* _Stored data_:
════════
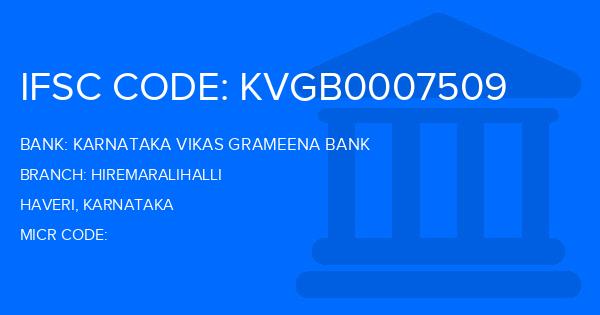 Karnataka Vikas Grameena Bank Hiremaralihalli Branch IFSC Code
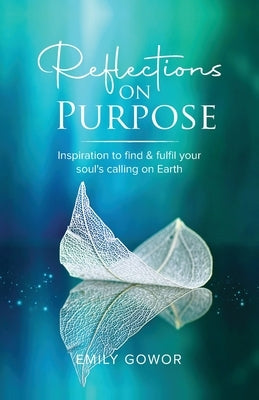 Reflections On Purpose by Gowor, Emily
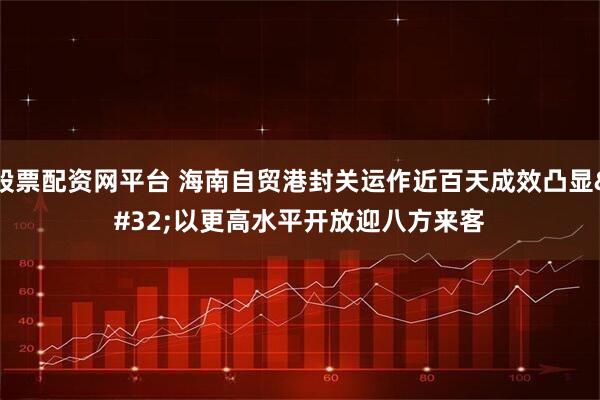 股票配资网平台 海南自贸港封关运作近百天成效凸显 以更高水平开放迎八方来客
════════
* _About this exercise_: Repeat the listing verbatim without its pictures.

* _Result for this task_:
 Karnataka Vikas Grameena Bank Hiremaralihalli Branch IFSC Code
 Reflections On Purpose by Gowor, Emily
 股票配资网平台 海南自贸港封关运作近百天成效凸显 以更高水平开放迎八方来客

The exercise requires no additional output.